After the Crimson ended the first quarter down, 13-0, Wilson and his teammates remained calm on the sidelines as their coaches reminded them that it often takes exactly one play to change the course of a game.
And that is exactly what happened.
After Harvard rallied to score two touchdowns in the second quarter to take a tenuous 14-13 lead, Wilson found the end zone on a 51-yard interception return, bringing the Crimson up a full possession.
“That was an unbelievable play by Jaron,” senior linebacker Joshua Boyd said. “It was a big momentum shift. Jaron was in the position where he was supposed to be and he was doing his job. Once the ball was in his hands, he switched from defense to offense, and seeing all the guys out front blocking him, it was natural.”
As a returning starter, Wilson had been trying to do his part to get his team hyped up on the sidelines, but he recognizes there’s only so much talking one can do.
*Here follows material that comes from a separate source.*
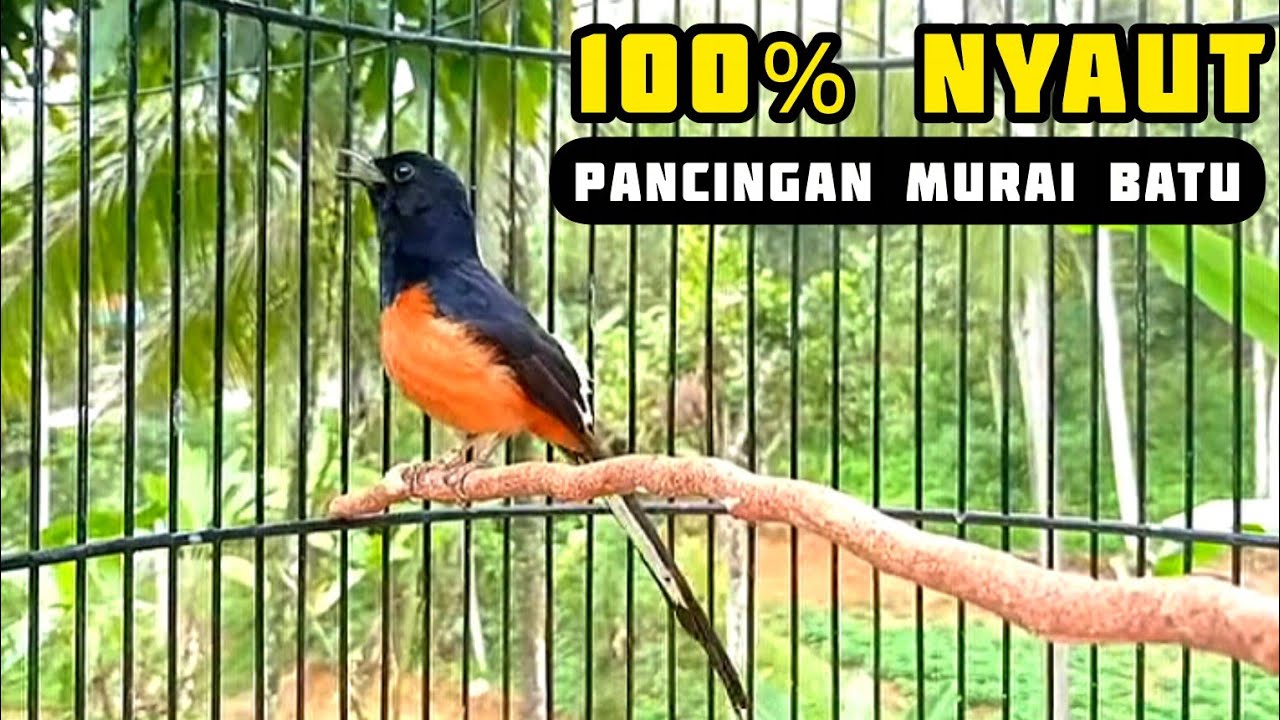 Pancingan murai batu ngeplong #pancinganampuh #pancinganmuraingeplong #murai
“I was on the sideline trying to get them motivated and excited, but there’s no greater motivation than leading by example and doing it on the field,” Wilson said. “We were able to switch from playing not-to-lose to actually playing to win and playing to be aggressive. There is no greater feeling for a defensive player than to find yourself in the end zone holding the ball and to actually be there myself was unbelievable.”
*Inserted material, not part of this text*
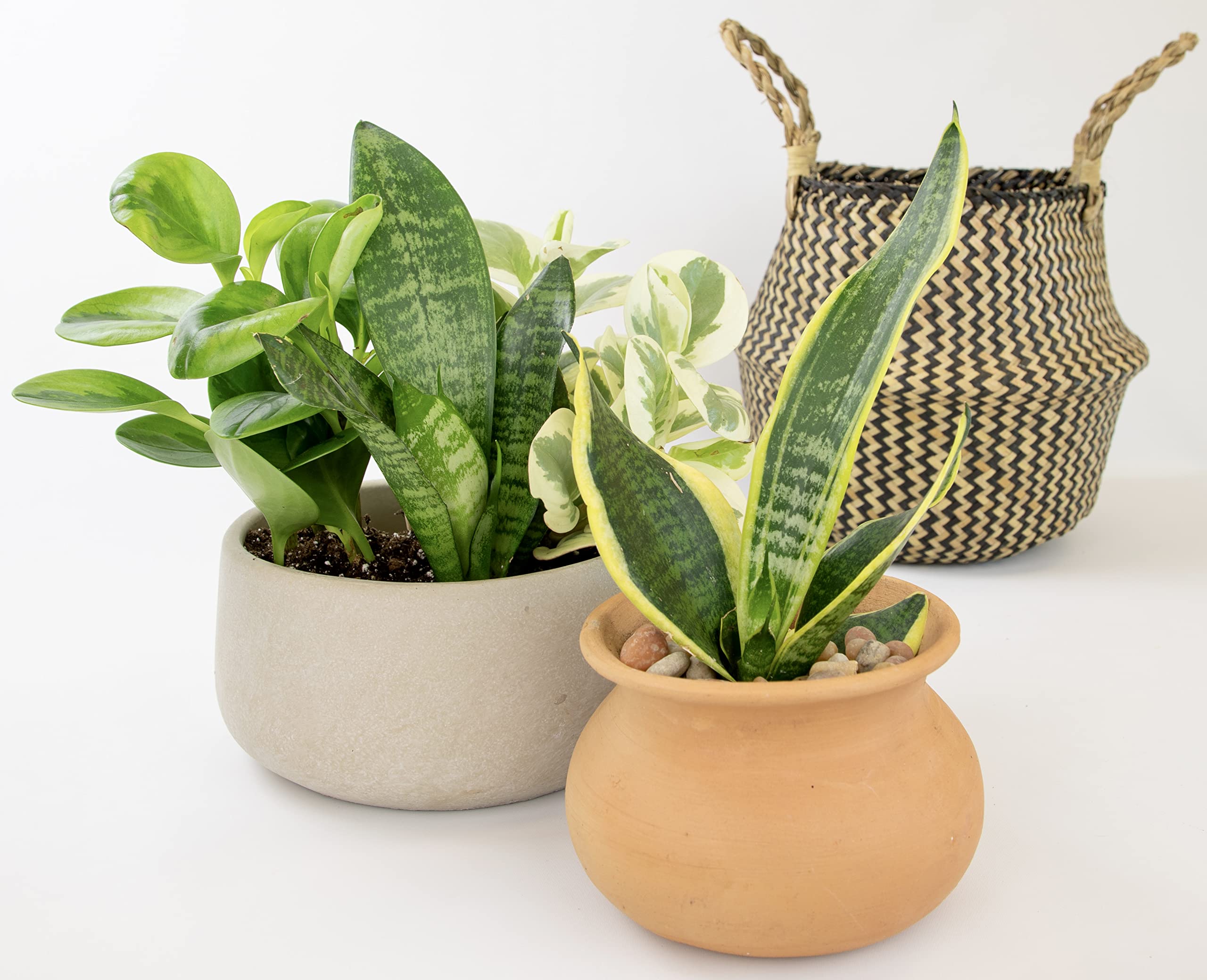 Altman Plants calathea pattern adds color and texture to interiors.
Boyd has seen his Wilson’s leadership develop in both his play and his comfort level in motivating younger players.
“With all the seniors, there’s sense of urgency with this being the final season,” Boyd said. “We’re the leaders of the team. Being a safety and defensive back, communication is key for the defense. Jaron’s always done a great job of being vocal and making sure everyone’s on the same page. He prides himself on being a hard hitter and it’s all coming together for him.”
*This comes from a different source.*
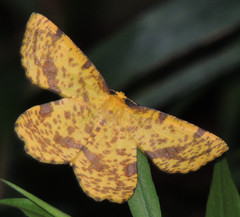 Xanthotype urticaria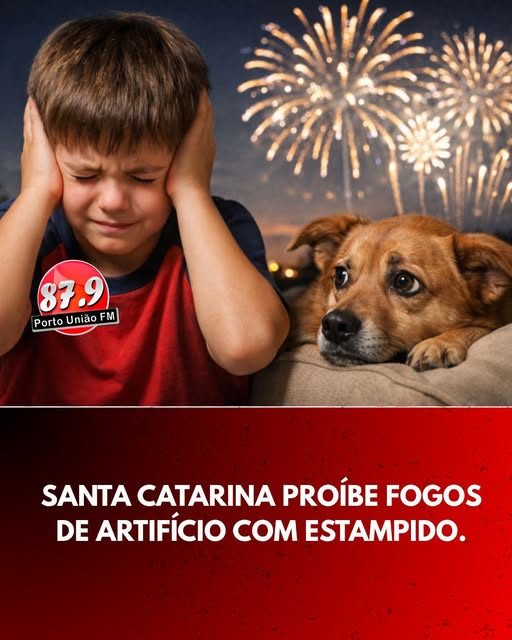 Santa Catarina proíbe fogos de artifício com estampido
Though Wilson scored his first collegiate touchdown last Saturday, but it wasn’t his first time in the end zone. The senior played receiver, quarterback and safety at Del Campo High School in California, where he also lettered in basketball and baseball.
He has taken much of what he learned as a high school point guard onto the football field.
“As a point guard, you have to be extremely vocal, calling out the plays as they come down court and taking charge of the offense as a whole,” Wilson said. “As a safety I’m the furthest one back on the defense. I’m the only one who can see absolutely everything. Being able to communicate what I see and what other people are supposed to do as well as what I’m doing all at once is something that I’ve implemented into my football career.”
Wilson is not the first successful athlete in his family—the senior’s father was formerly a cornerback at Air Force.
“I wanted nothing other than to be him from a young age,” said Wilson, whose family has traveled to multiple games every season. “As a little kid I was always into sports. Football was my dream. Playing collegiate football was my dream especially. Our positions are so similar so being able to pick his brain on certain techniques has been great.”
He might be far from home, but Wilson is determined to make the most of his final season playing for the Crimson.
“It’s been a life-changing experience to say the least,” Wilson said. “The education that I’m receiving just by being here is the best in the world. But the ability to play football on top of it is such a blessing. Football at Harvard is where football began. The game itself changed because of Harvard Stadium. I’m just super appreciative to be a part of it and trying to make the most of it in this last year.”